START LISTED RECORDS

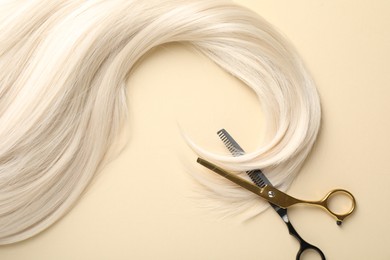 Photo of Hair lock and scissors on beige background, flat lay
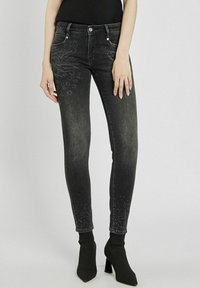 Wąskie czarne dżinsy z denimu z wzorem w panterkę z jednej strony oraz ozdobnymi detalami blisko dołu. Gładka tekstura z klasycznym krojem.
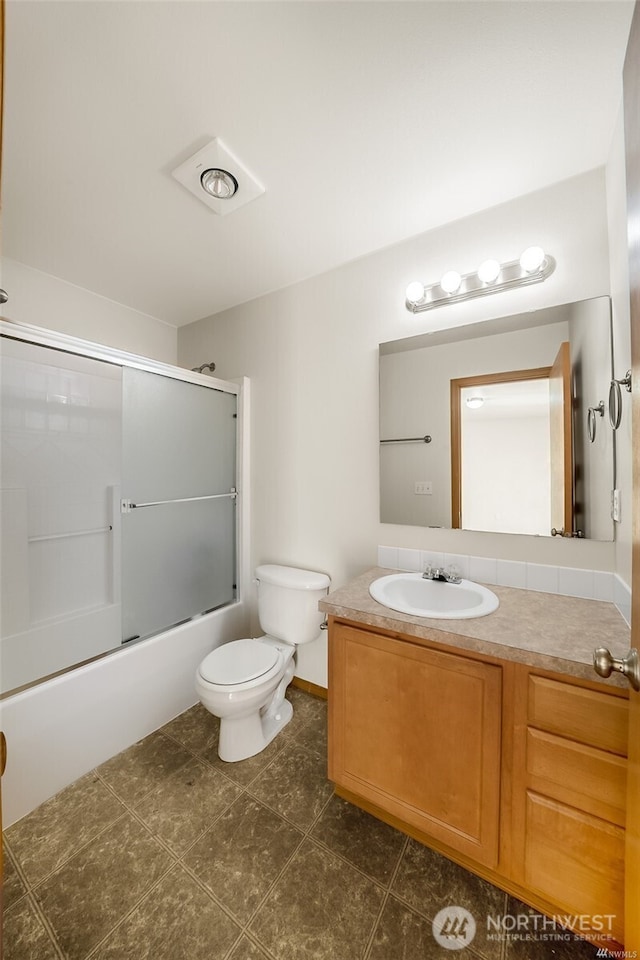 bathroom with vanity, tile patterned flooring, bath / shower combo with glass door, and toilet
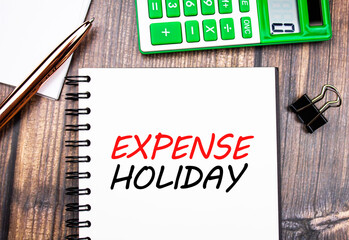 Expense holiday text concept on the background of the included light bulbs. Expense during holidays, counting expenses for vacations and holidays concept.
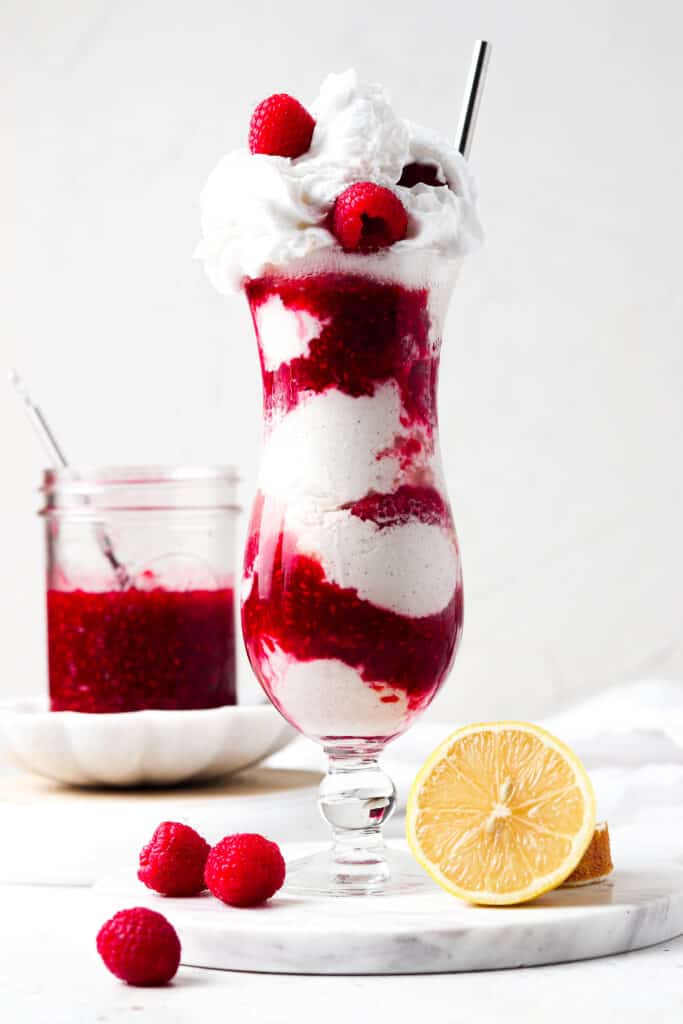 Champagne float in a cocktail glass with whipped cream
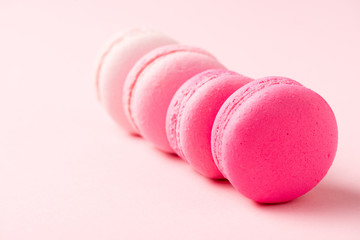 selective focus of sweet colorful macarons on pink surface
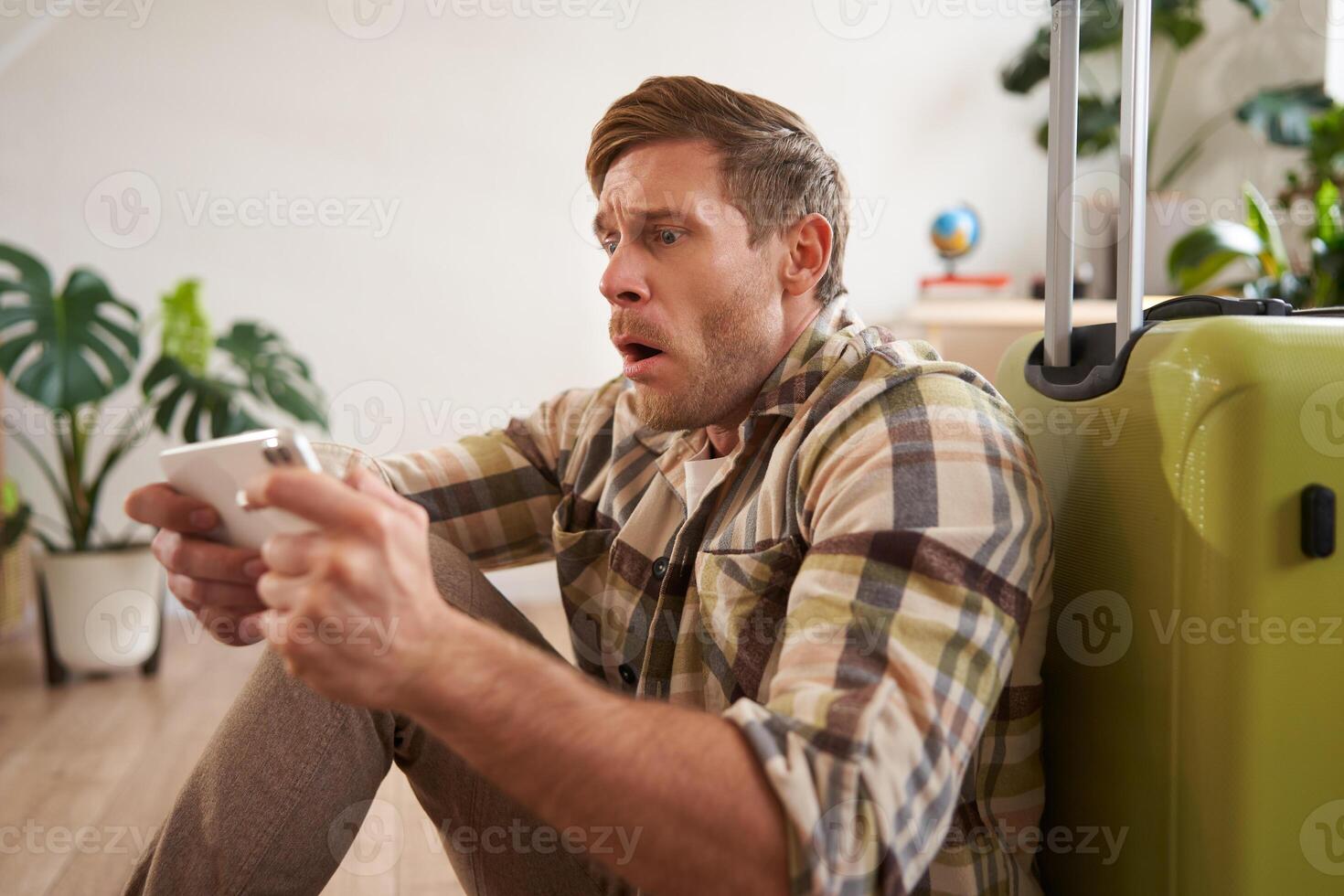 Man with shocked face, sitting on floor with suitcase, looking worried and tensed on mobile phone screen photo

END LISTED RECORDS
START LISTED RECORDS

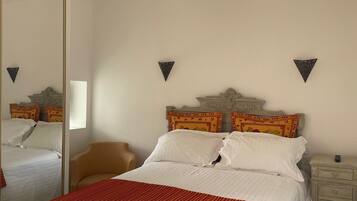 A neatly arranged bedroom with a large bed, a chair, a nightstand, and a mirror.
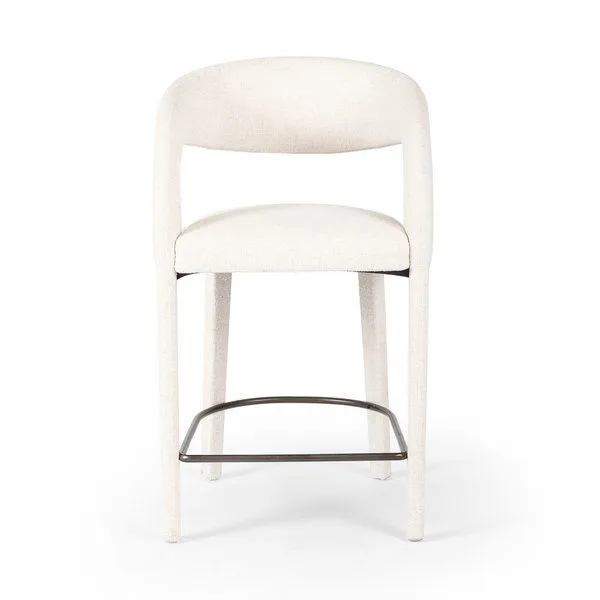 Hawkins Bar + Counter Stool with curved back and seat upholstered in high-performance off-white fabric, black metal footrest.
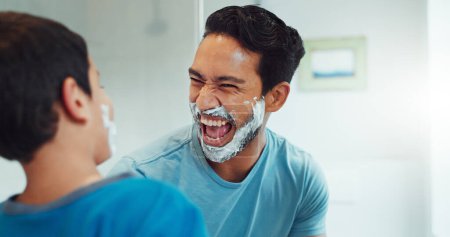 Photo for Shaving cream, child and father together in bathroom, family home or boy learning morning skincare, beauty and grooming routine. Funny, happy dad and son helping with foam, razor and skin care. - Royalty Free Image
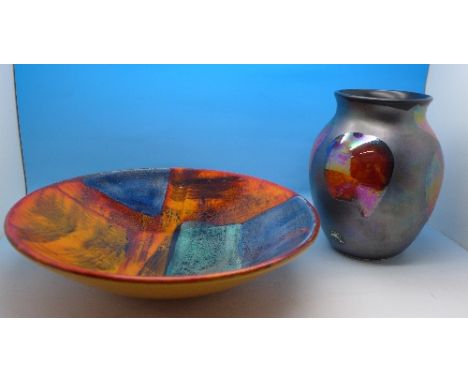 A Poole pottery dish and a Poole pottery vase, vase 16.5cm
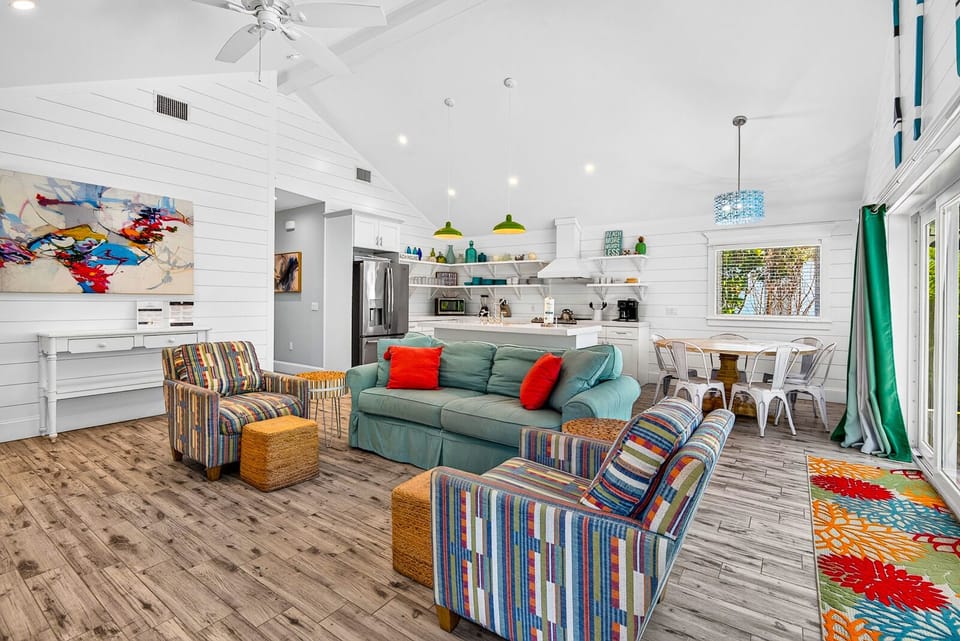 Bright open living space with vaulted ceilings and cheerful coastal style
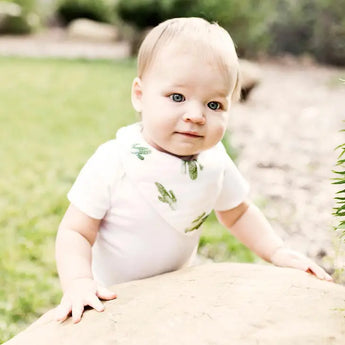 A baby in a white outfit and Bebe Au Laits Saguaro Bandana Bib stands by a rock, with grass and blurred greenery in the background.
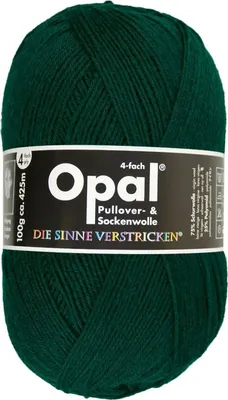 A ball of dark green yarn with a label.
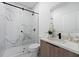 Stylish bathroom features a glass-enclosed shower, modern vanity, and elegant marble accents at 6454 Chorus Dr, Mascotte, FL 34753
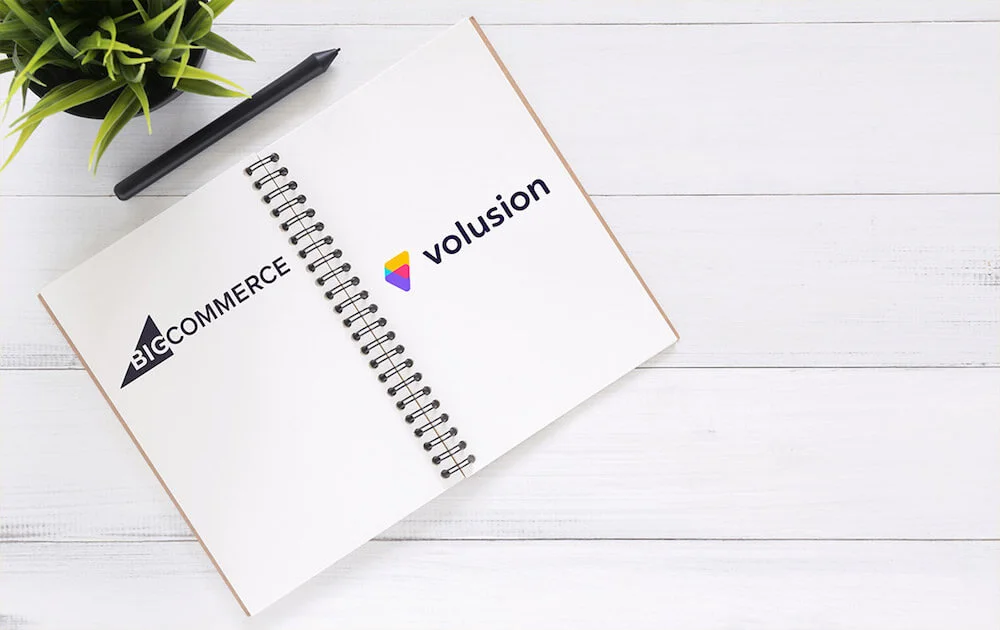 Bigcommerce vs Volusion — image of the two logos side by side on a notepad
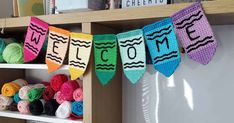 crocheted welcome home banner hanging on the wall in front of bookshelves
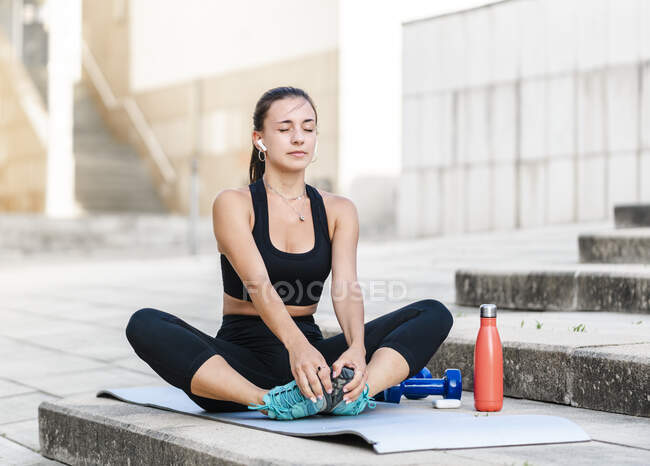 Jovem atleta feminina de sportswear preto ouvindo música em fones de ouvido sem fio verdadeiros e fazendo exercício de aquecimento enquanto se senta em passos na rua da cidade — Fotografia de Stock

END LISTED RECORDS

YOUR OBJECTIVE: Starting with the line that has "A neatly arranged" and ending with the line that has "Jovem atleta feminina", repeat the lines above exactly, omitting every picture.

THE COMPLETED TASK:
 A neatly arranged bedroom with a large bed, a chair, a nightstand, and a mirror.
 Hawkins Bar + Counter Stool with curved back and seat upholstered in high-performance off-white fabric, black metal footrest.
 Photo for Shaving cream, child and father together in bathroom, family home or boy learning morning skincare, beauty and grooming routine. Funny, happy dad and son helping with foam, razor and skin care. - Royalty Free Image
 A Poole pottery dish and a Poole pottery vase, vase 16.5cm
 Bright open living space with vaulted ceilings and cheerful coastal style
 A baby in a white outfit and Bebe Au Laits Saguaro Bandana Bib stands by a rock, with grass and blurred greenery in the background.
 A ball of dark green yarn with a label.
 Stylish bathroom features a glass-enclosed shower, modern vanity, and elegant marble accents at 6454 Chorus Dr, Mascotte, FL 34753
 Bigcommerce vs Volusion — image of the two logos side by side on a notepad
 crocheted welcome home banner hanging on the wall in front of bookshelves
 Jovem atleta feminina de sportswear preto ouvindo música em fones de ouvido sem fio verdadeiros e fazendo exercício de aquecimento enquanto se senta em passos na rua da cidade — Fotografia de Stock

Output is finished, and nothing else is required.